Stilistisch ganz anders, aber the­matisch nicht unähnlich, sind die „Peintures“ von Hanny Fries. Denn in ihren Bildern von städtischen Plätzen oder menschenrei­chen Badestränden ist die Ausstrahlung, die „Aura“ der Dinge, die sichtbaren und unsichtbaren Beziehungen zwischen Räumen, Dingen und Menschen wichtiger als das Abbild. – Um die Darstellung eines vielschichtigen Wechselspiels zwischen Linie und Form, zwischen Materie und Licht geht es in Cristina Spoerris konstruktiven, oft sakral wirkenden Bild-Architekturen.

Die Umweltbedrohungen sind das Thema der Arbeiten von Marianne Flury und Heidi Langauer. „..Mit Pflanze, Tier und Mensch teile ich eine fragile Existenz“, sagt Marianne Flury. In ihren fei­nen Zeichnungen ist dieses Fragile, Bedrohte durch die Nähe von Leben und Tod, von Form und Nichtform subtil eingefangen. – Heftiger ist die Klage von Heidi Langauer, die mit sat­ter, kräftiger, emotionell geprägter Zeichensprache ihrer Angst vor der Leben manipulierenden Gentechnologie Ausdruck gibt.

Gut, dass Freude und Humor als lebensspendende Energien in der Ausstellung nicht fehlen.
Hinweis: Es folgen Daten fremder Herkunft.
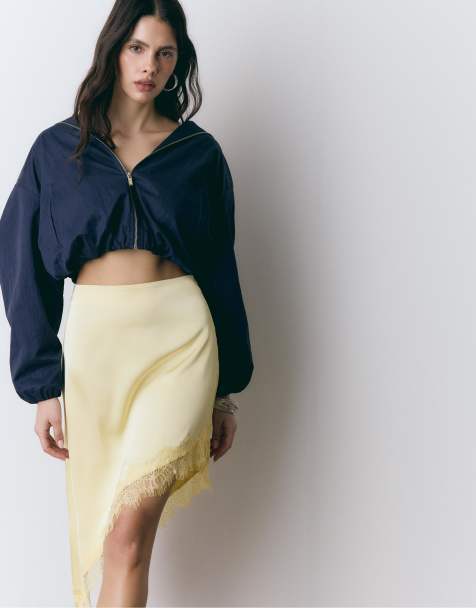 Stradivarius Satin asymmetric skirt in pastel yellow - view 1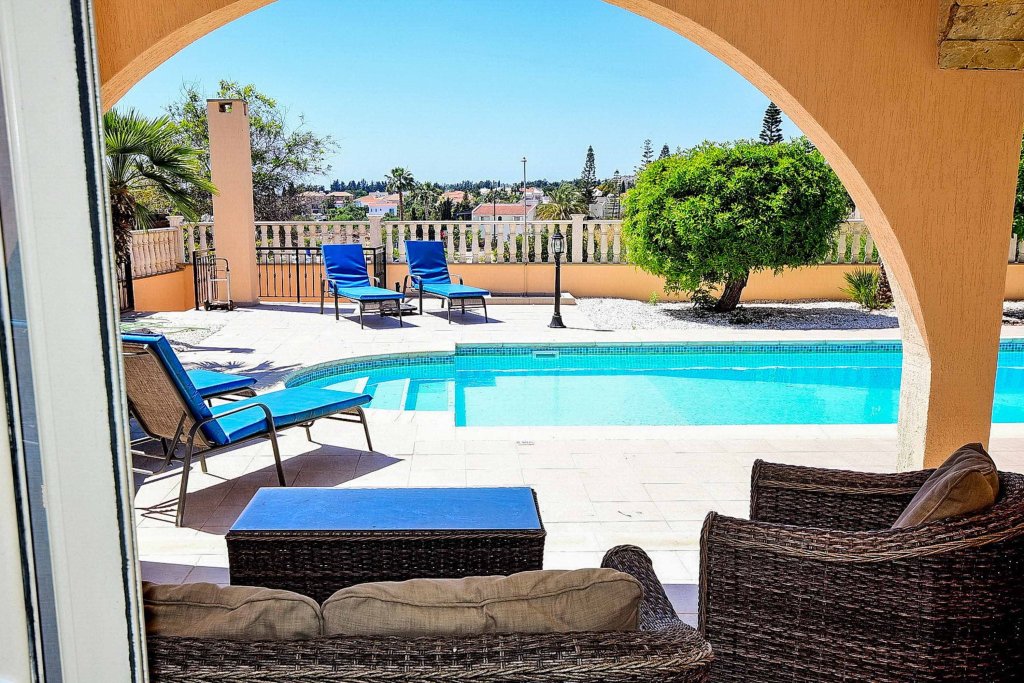 Пейя: Villa Golden Coral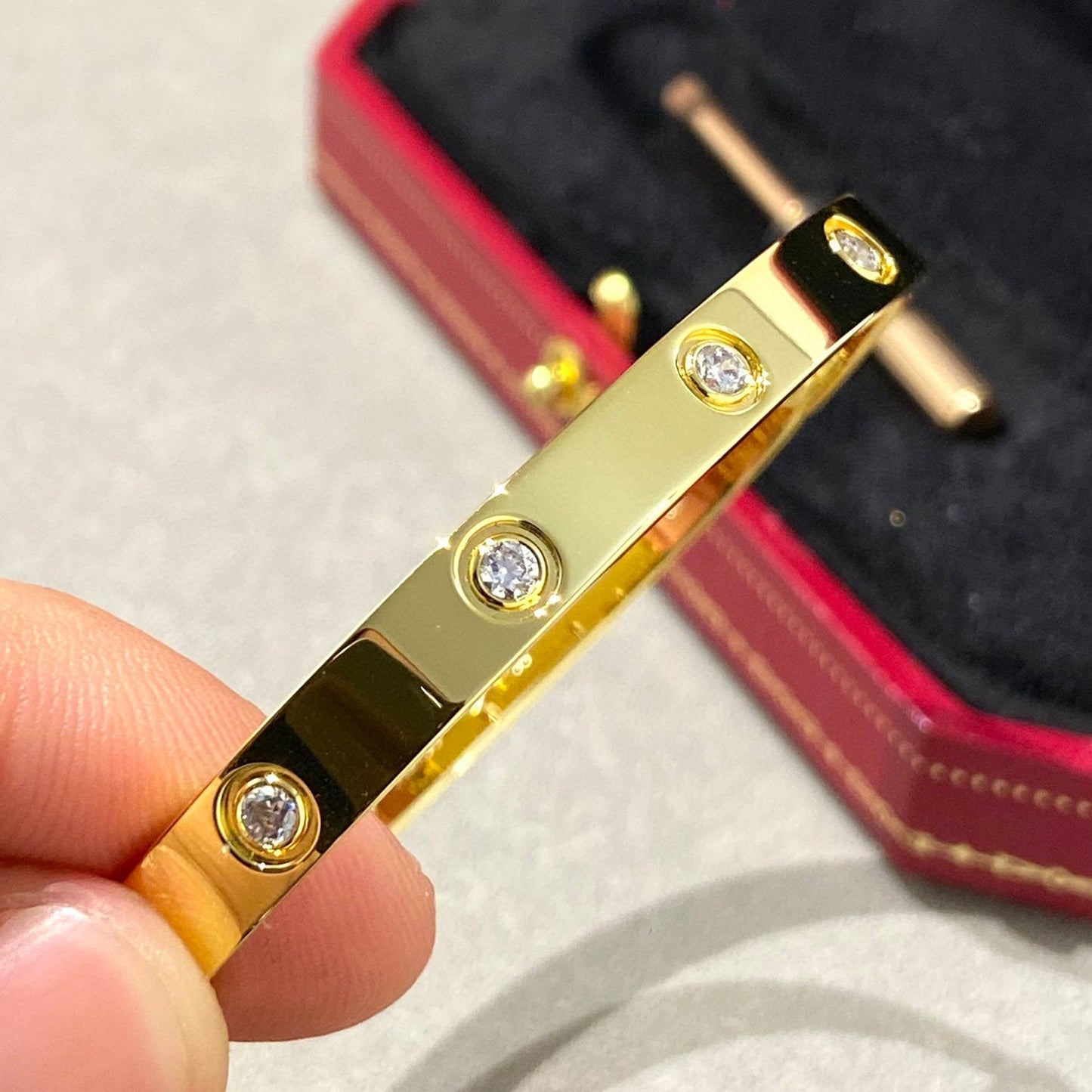 [Mystic]LOVE BRACELET 6.1MM 10 DIAMONDS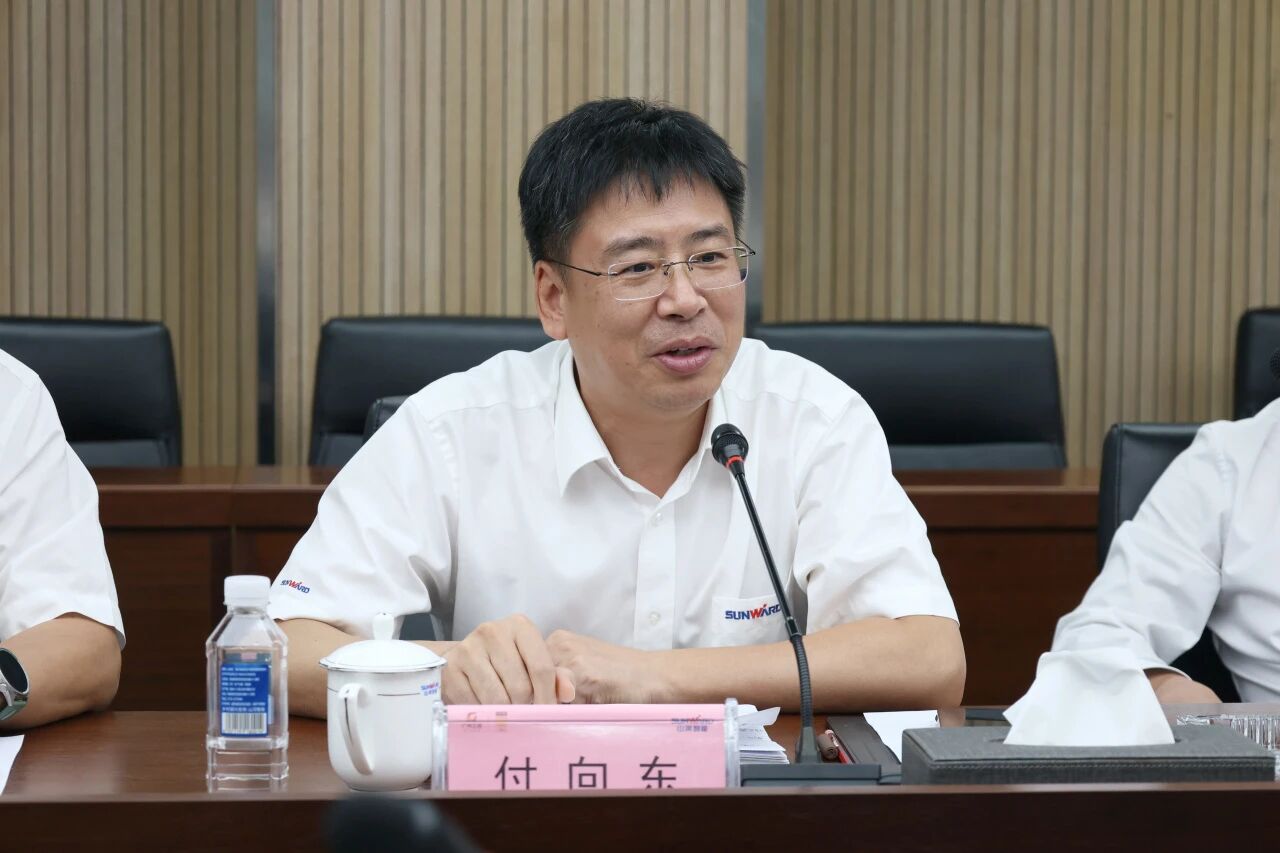 双向赋能深化战略合作，湖南路桥党委书记、董事长周强率队到访9888拉斯维加斯官网智能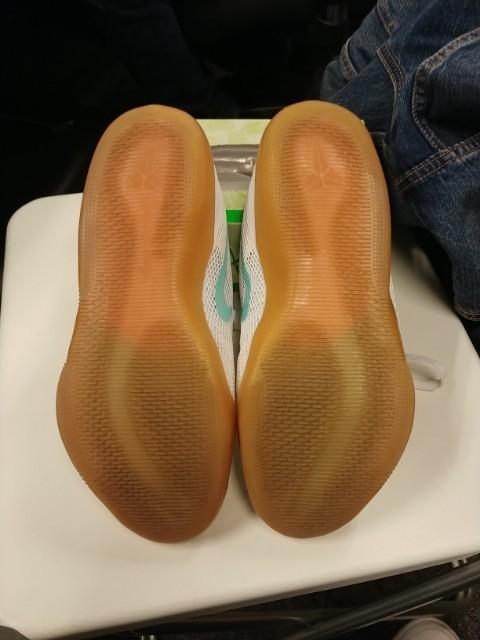 kobe 11 em low summer pack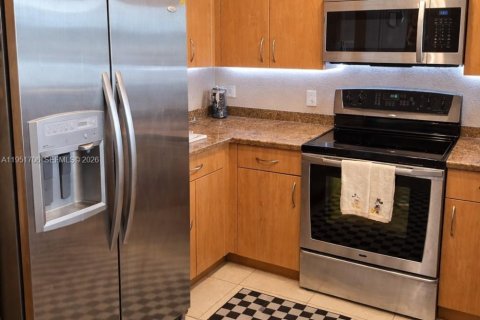 Condominio en venta en Hollywood, Florida, 1 dormitorio, 87.24 m2 № 2007435 - foto 4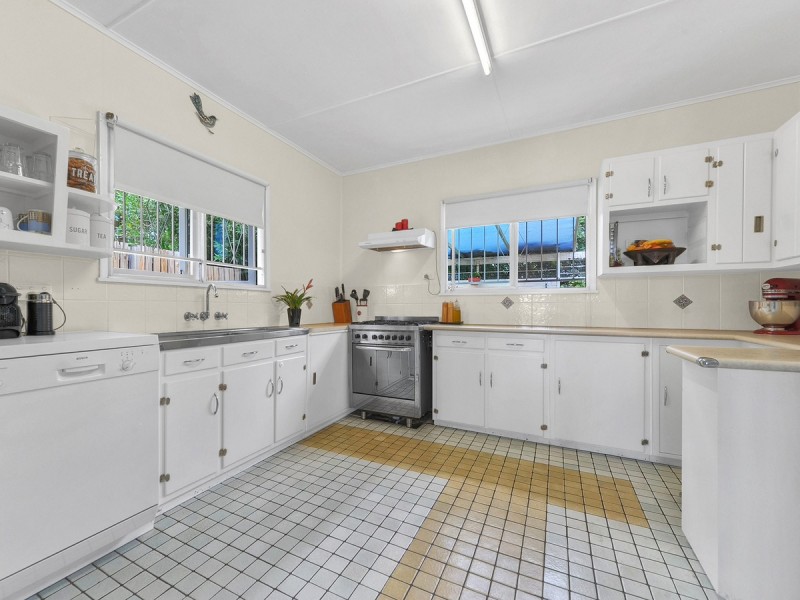 2 Alcester Street, Grange QLD 4051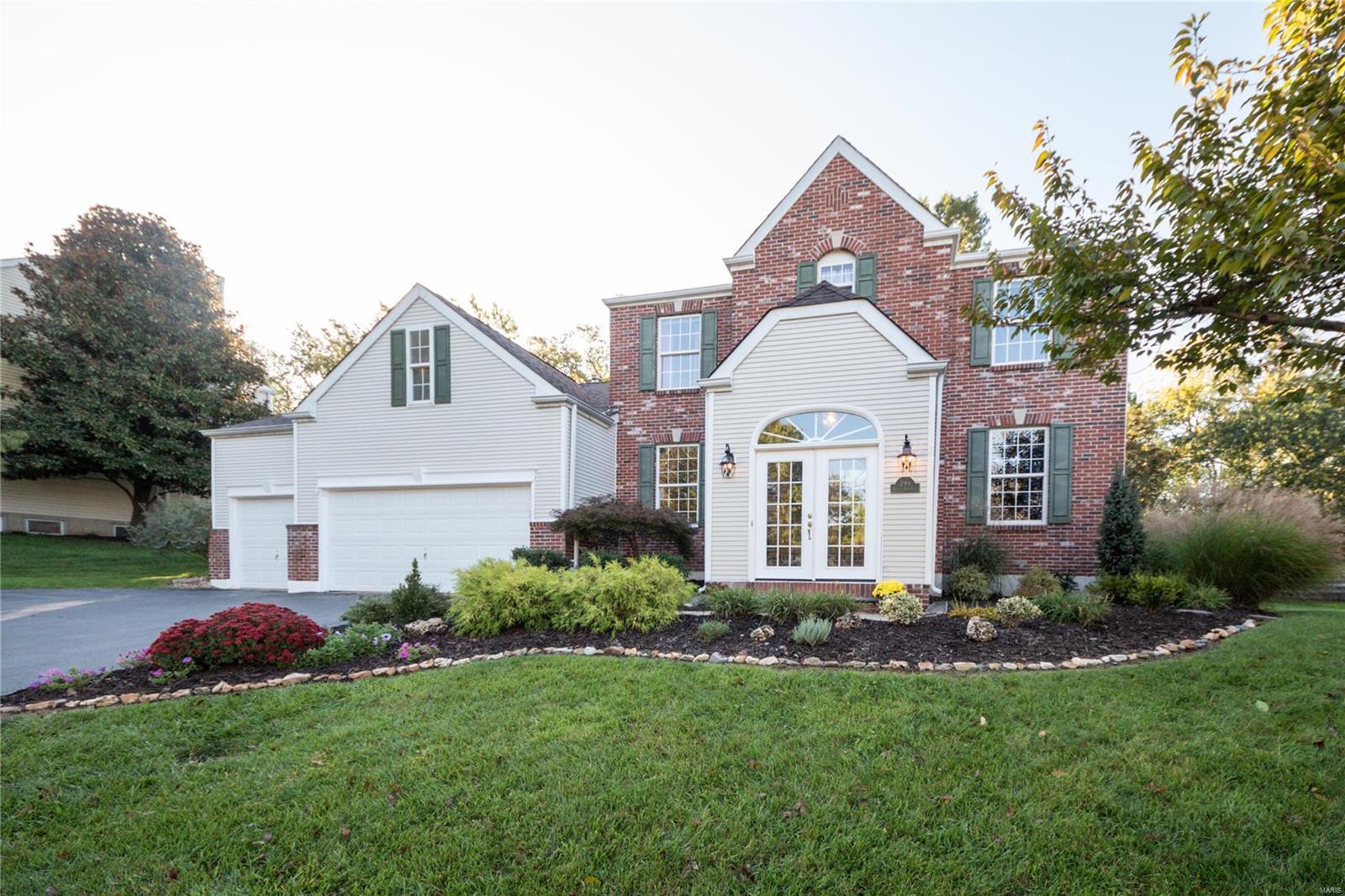 294 Dickens Farm Lane Ballwin, MO 63021 - Photo 2 of 30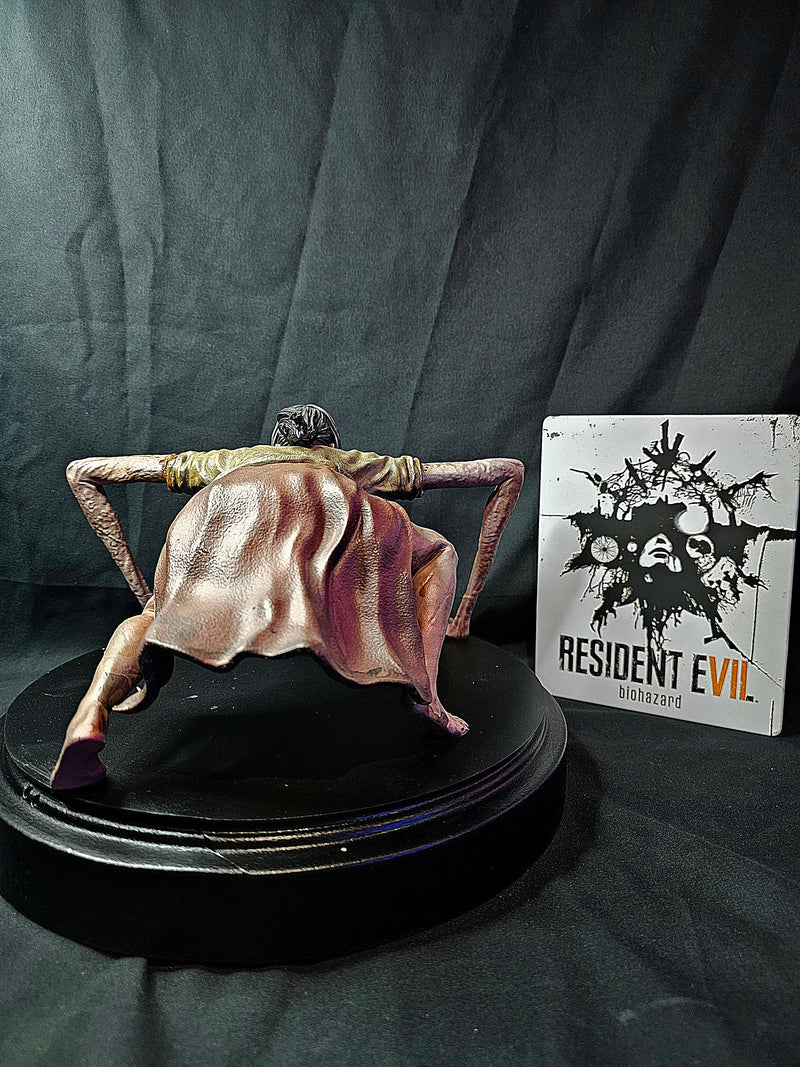 1/6 Resident Evil 7 Marguerite Baker Statue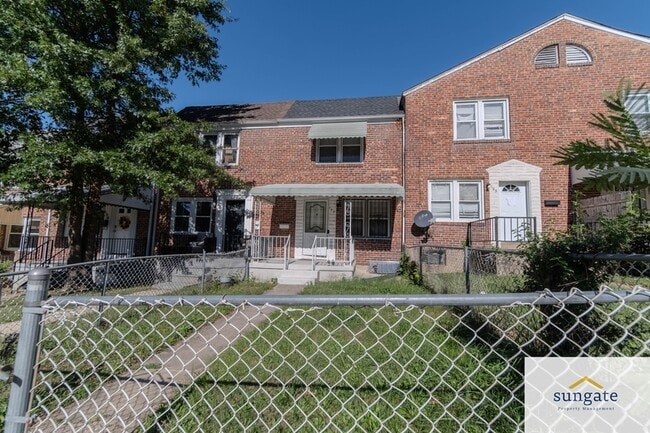 property at 105 Upmanor Rd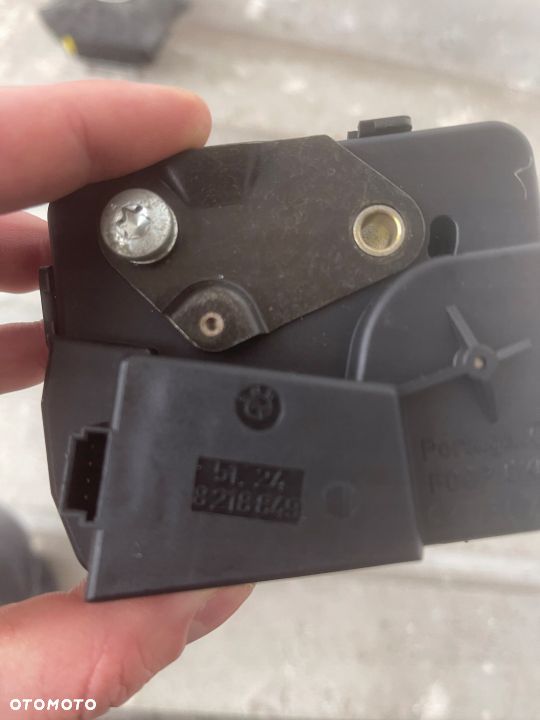 Zamek Tył Klapy Bagażnika BMW 5 E61 8218849 - 2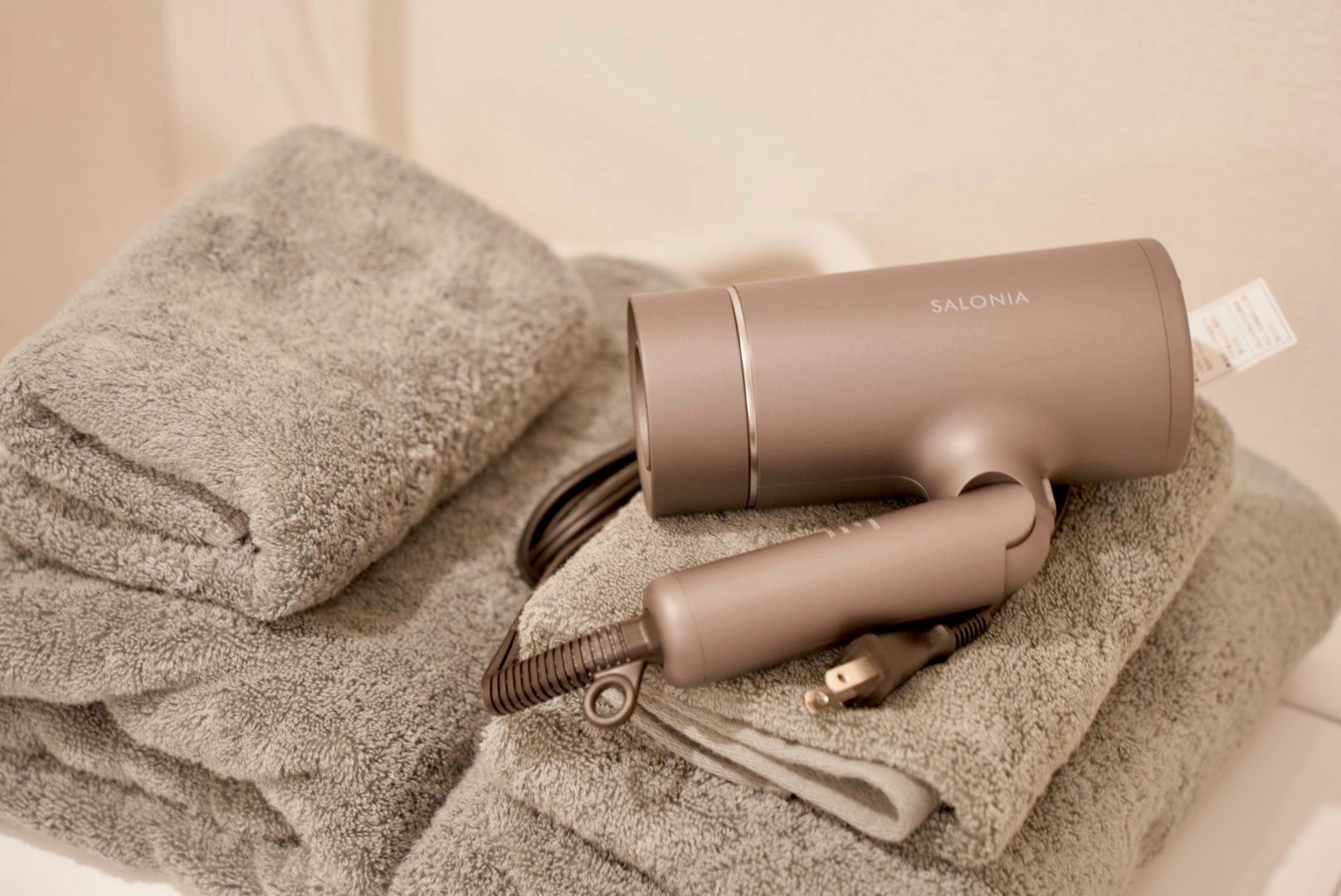 通天閣すぐ!|アクセス◎駅近1LDK|キッチンバス完備|空港直通|難波徒歩圏|和モダン|4名宿泊可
Janine Thélin zeigt, dass die ( lei­digen) Haushaltutensilien ebensogut als Spiel-Formen für reiche und fröhliche Bildkompositionen dienen können ( z.B. ein Bügeleisen). 

Auch Irène von Moos nimmt Dinge und verwandelt sie, einen Fuss, eine Hand zum Beispiel. Doch sie tut es nicht im Bild, sondern im Raum. Ihre exakten, raumgreifenden, bemalten Aluminiumplastiken sind gekenntzeichnet von Schalk und scheinbarer Schwerelosigkeit.Sonja Amsler schliesslich scheint  all die Formen und Zeichen aufzu­greifen, sie durcheinanderzu-wirbeln, mit Farbe zu tränken und als „Sterne“ auf dem Himmel zu verteilen.